### EXERCISE
In the entries below, begin at the line that has "Hi everyone. My", stop after the line that has "Once you're done", and output those lines exactly with no pictures.

### SUPPLIED DATA
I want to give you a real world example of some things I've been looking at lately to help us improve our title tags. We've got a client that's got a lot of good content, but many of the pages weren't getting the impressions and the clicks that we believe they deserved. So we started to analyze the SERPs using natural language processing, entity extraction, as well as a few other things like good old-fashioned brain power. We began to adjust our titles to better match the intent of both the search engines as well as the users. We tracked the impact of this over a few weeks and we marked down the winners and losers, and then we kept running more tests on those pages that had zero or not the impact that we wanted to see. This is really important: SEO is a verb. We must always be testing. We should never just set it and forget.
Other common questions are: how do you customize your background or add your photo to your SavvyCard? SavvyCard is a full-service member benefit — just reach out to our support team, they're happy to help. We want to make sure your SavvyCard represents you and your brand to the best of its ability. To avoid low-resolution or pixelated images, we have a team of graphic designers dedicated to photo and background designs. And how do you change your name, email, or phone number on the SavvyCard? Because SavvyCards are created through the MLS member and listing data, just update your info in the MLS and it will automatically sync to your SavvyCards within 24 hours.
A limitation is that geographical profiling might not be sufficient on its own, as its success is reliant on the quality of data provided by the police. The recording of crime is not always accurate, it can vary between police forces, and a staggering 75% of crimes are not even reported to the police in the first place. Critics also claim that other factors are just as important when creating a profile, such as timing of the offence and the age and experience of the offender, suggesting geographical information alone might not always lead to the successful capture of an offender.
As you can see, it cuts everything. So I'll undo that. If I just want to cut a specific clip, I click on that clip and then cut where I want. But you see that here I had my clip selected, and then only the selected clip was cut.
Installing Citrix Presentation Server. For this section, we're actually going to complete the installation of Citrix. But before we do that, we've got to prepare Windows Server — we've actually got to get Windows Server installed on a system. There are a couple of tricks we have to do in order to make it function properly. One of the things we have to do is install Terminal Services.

...

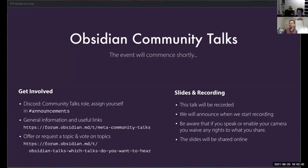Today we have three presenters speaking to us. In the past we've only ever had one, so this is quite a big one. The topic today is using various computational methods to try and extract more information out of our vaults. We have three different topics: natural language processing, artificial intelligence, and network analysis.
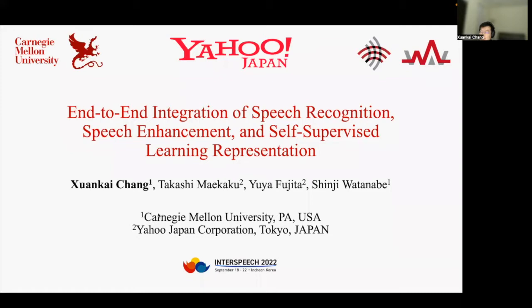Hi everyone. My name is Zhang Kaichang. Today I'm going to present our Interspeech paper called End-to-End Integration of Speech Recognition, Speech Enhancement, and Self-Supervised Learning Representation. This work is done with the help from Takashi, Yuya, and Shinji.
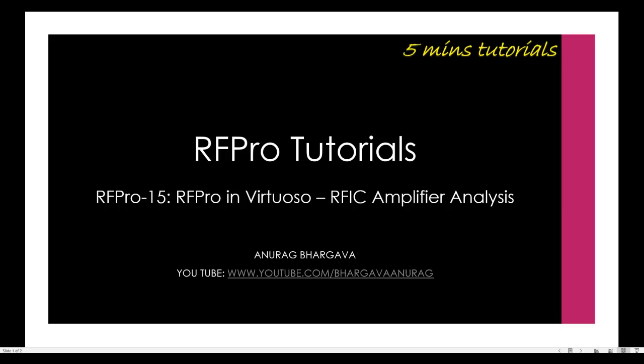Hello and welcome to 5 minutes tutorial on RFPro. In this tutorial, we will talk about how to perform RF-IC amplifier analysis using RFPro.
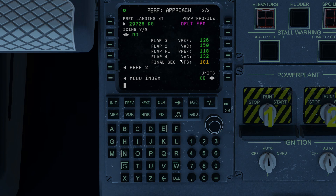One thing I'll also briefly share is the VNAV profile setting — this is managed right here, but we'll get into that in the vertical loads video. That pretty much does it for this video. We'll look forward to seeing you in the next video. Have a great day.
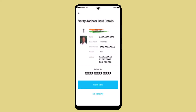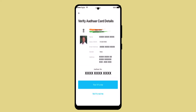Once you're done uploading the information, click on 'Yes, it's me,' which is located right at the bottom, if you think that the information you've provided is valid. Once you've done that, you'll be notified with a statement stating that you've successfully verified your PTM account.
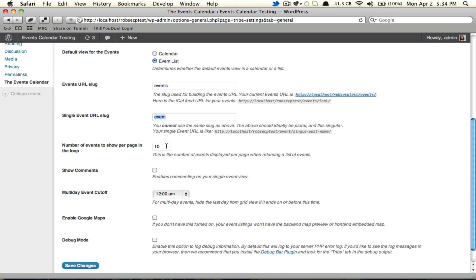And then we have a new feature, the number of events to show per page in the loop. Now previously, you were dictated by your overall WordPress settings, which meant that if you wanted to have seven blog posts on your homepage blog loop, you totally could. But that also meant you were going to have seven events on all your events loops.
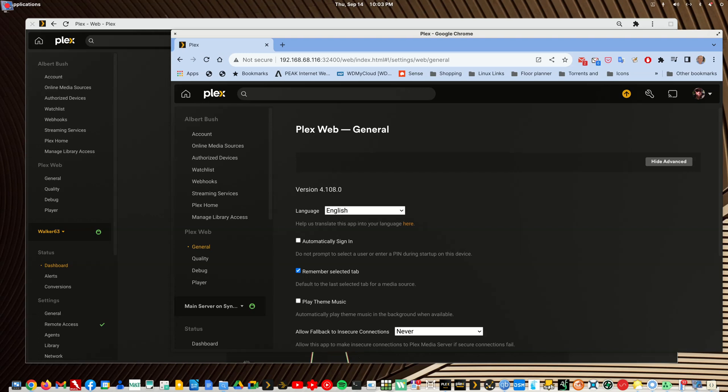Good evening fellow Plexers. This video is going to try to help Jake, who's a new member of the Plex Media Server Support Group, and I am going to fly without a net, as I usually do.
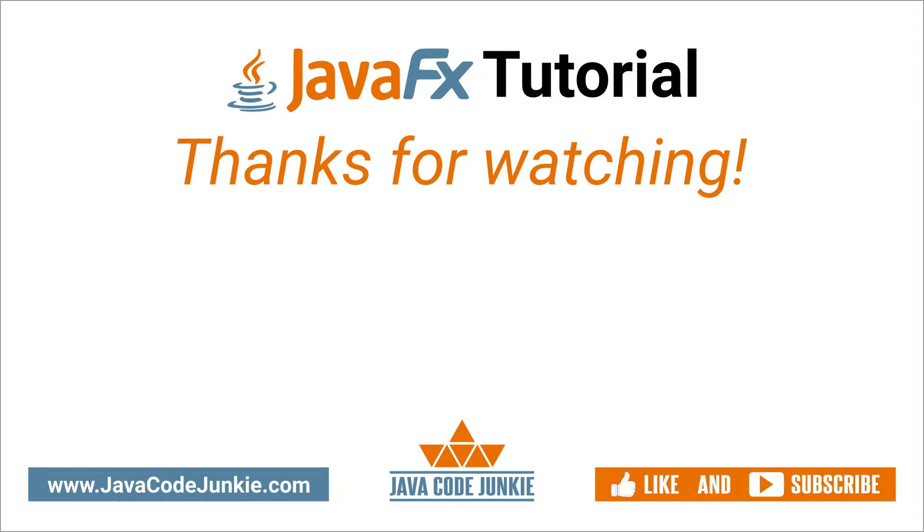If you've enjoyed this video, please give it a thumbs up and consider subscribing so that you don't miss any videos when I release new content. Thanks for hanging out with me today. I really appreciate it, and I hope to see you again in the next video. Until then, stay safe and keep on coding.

### YOUR RESPONSE
Hi everyone. My name is Zhang Kaichang. Today I'm going to present our Interspeech paper called End-to-End Integration of Speech Recognition, Speech Enhancement, and Self-Supervised Learning Representation. This work is done with the help from Takashi, Yuya, and Shinji.
Hello and welcome to 5 minutes tutorial on RFPro. In this tutorial, we will talk about how to perform RF-IC amplifier analysis using RFPro.
One thing I'll also briefly share is the VNAV profile setting — this is managed right here, but we'll get into that in the vertical loads video. That pretty much does it for this video. We'll look forward to seeing you in the next video. Have a great day.
Once you're done uploading the information, click on 'Yes, it's me,' which is located right at the bottom, if you think that the information you've provided is valid. Once you've done that, you'll be notified with a statement stating that you've successfully verified your PTM account.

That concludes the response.